## TASK DESCRIPTION:
Pictures stay out of the output. Return exactly the lines below from the one with "Rear Differential Ring" down to the one with "Lit princesse enfant", both included, and nothing more.

## DATASET RECORDS:
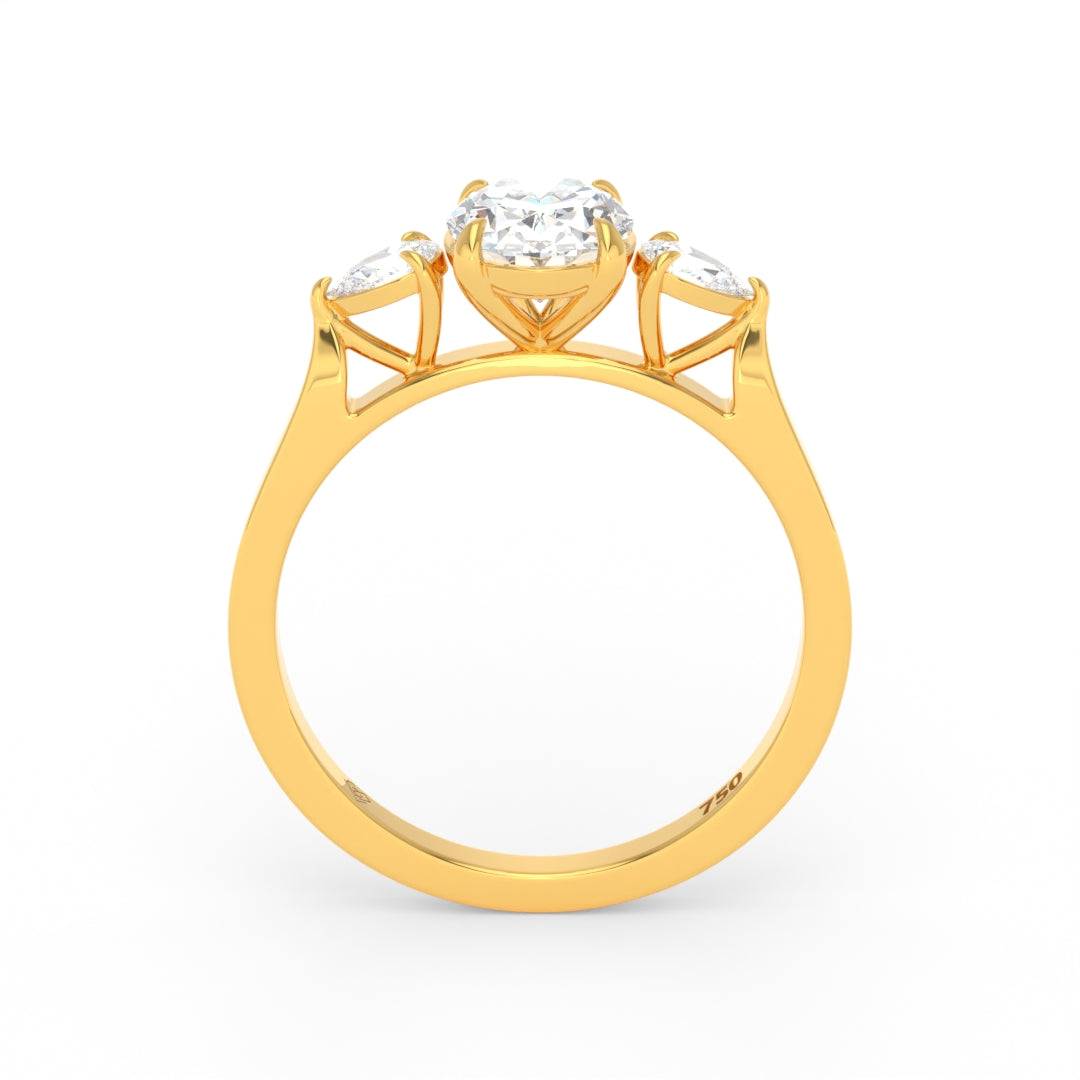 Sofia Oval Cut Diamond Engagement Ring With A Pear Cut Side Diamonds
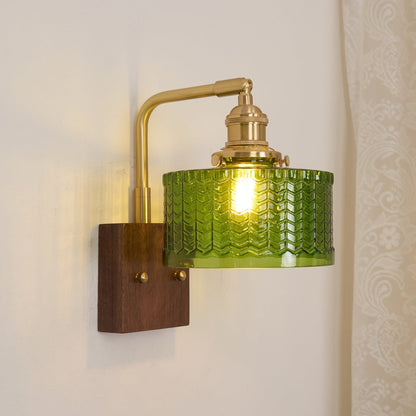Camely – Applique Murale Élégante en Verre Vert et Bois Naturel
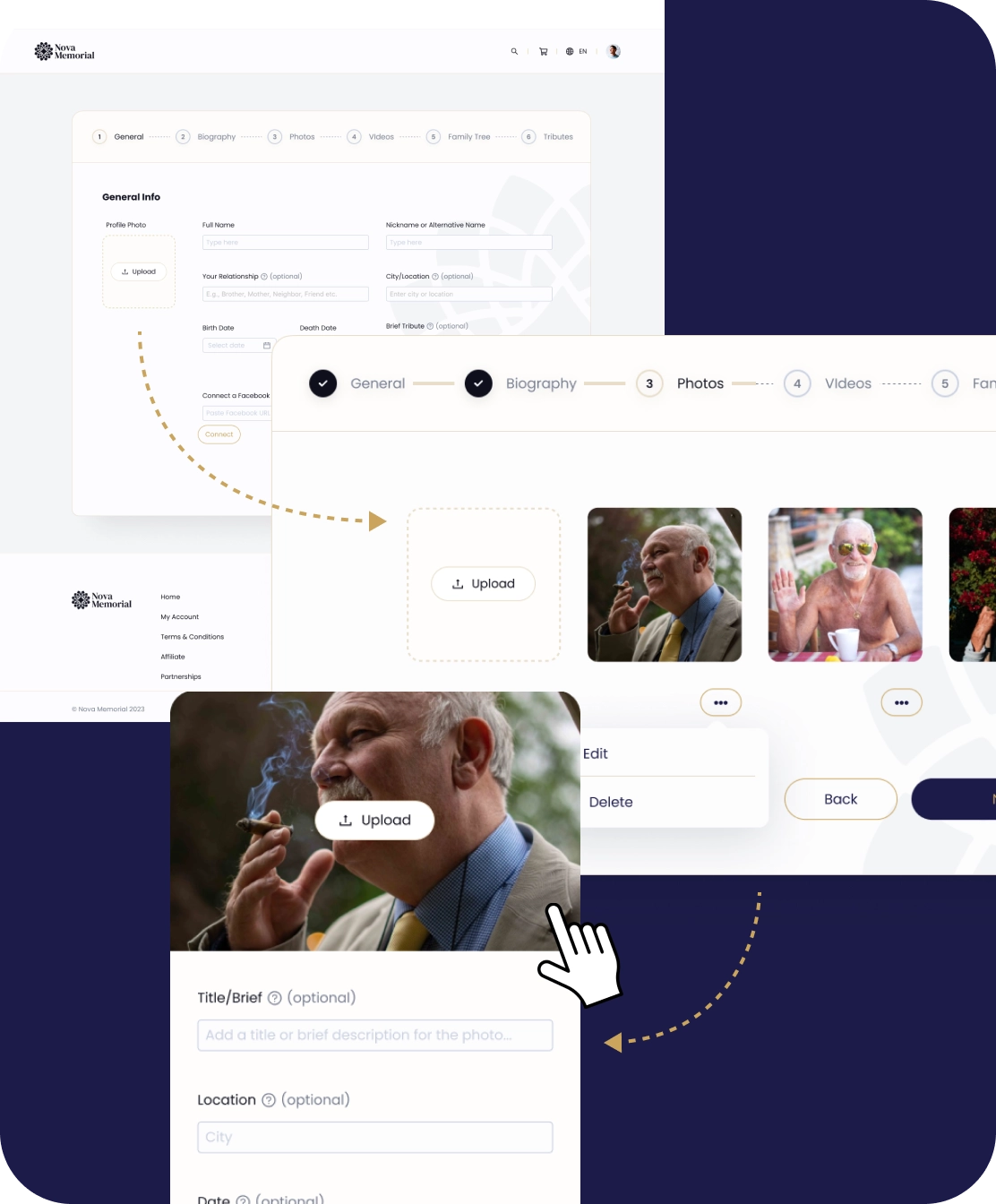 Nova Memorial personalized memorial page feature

* * *

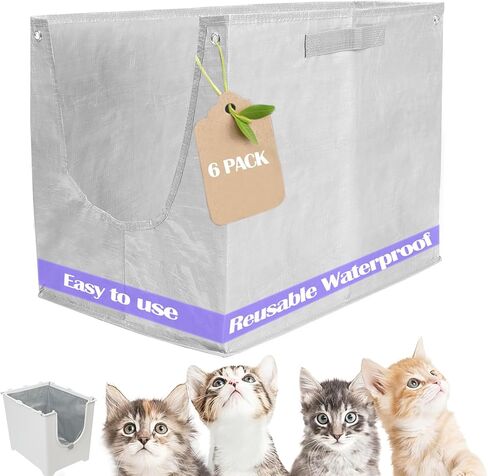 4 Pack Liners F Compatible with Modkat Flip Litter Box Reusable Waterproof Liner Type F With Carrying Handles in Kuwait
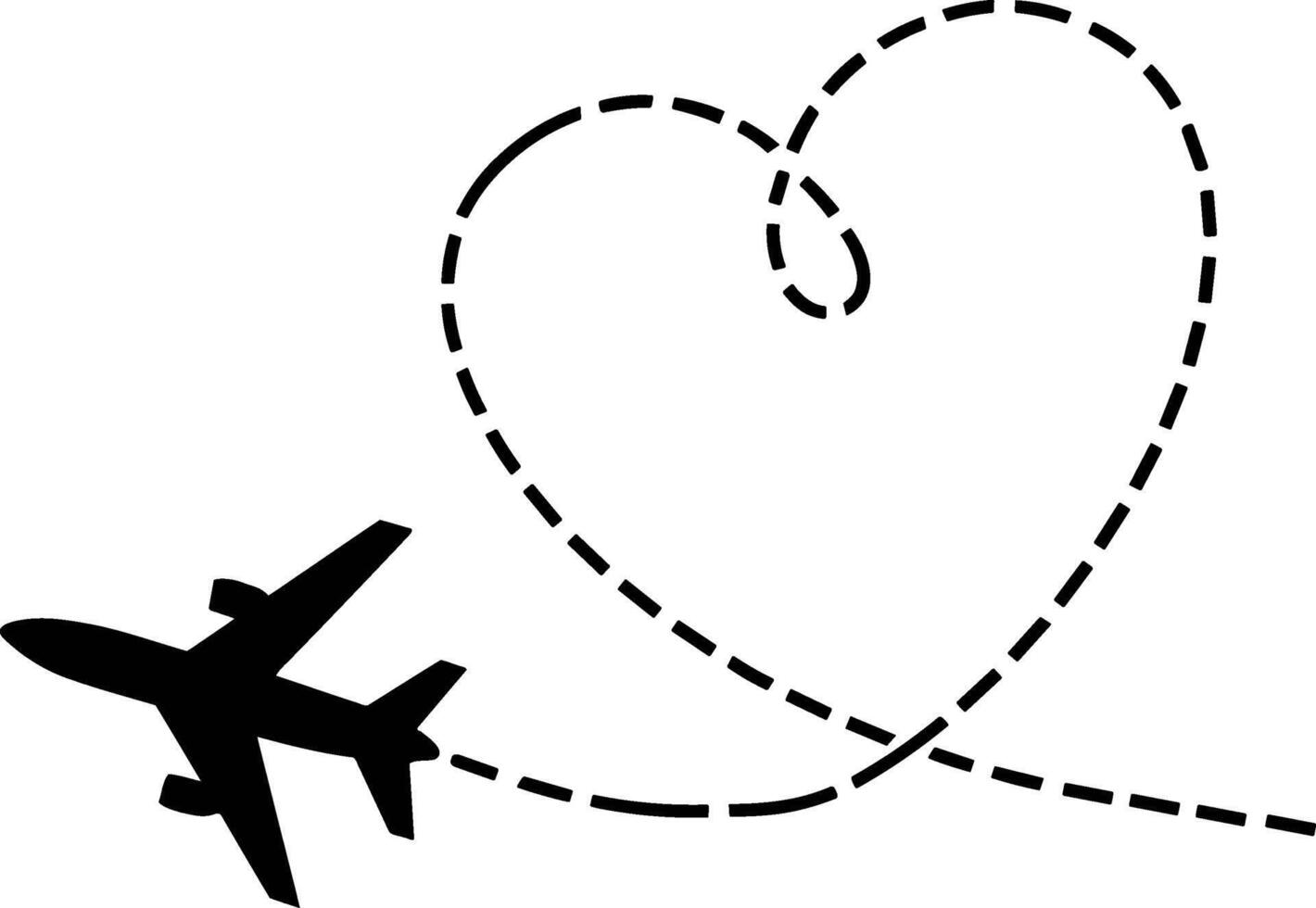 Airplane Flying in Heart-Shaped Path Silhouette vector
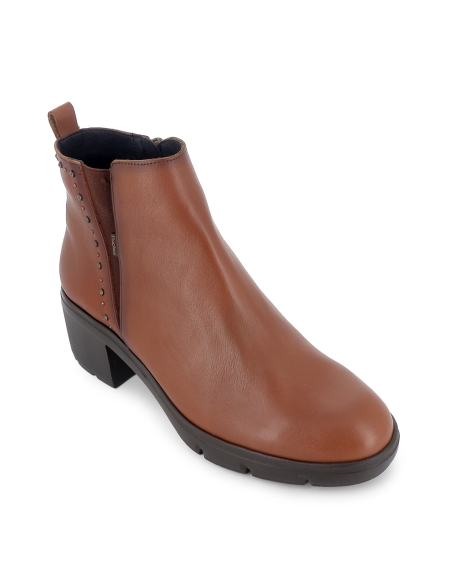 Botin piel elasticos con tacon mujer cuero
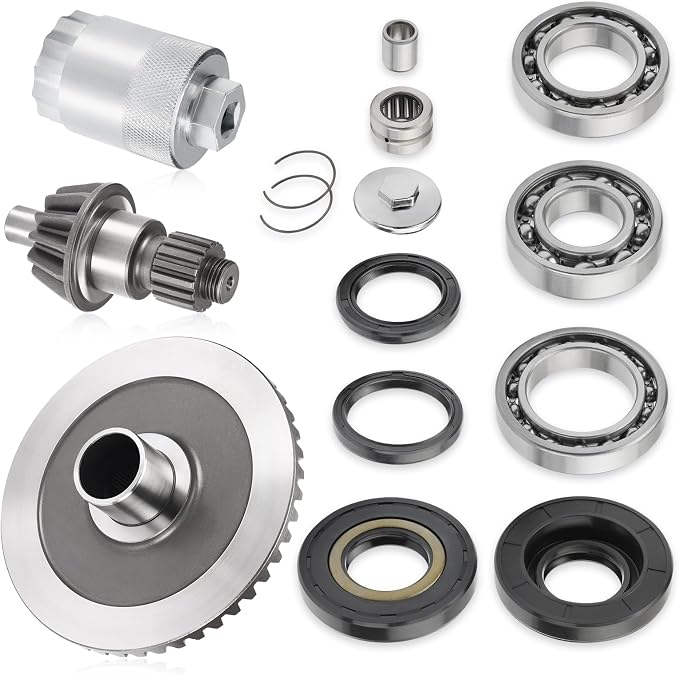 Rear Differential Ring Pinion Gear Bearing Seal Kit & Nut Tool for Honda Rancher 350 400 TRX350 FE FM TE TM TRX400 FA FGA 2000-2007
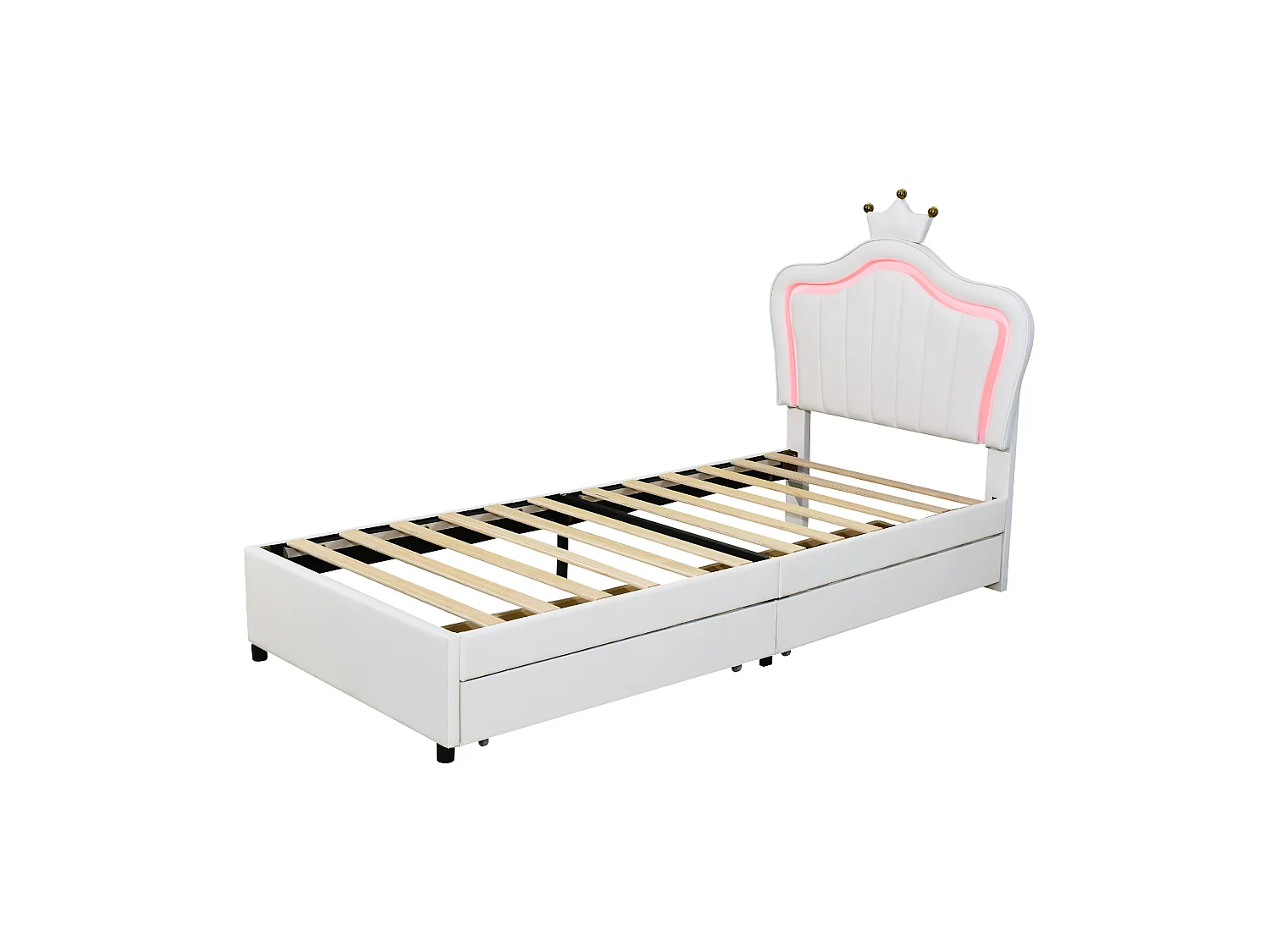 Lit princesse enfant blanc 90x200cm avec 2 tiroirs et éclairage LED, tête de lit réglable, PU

## RESULT OF THE EXERCISE:
 Rear Differential Ring Pinion Gear Bearing Seal Kit & Nut Tool for Honda Rancher 350 400 TRX350 FE FM TE TM TRX400 FA FGA 2000-2007
 Lit princesse enfant blanc 90x200cm avec 2 tiroirs et éclairage LED, tête de lit réglable, PU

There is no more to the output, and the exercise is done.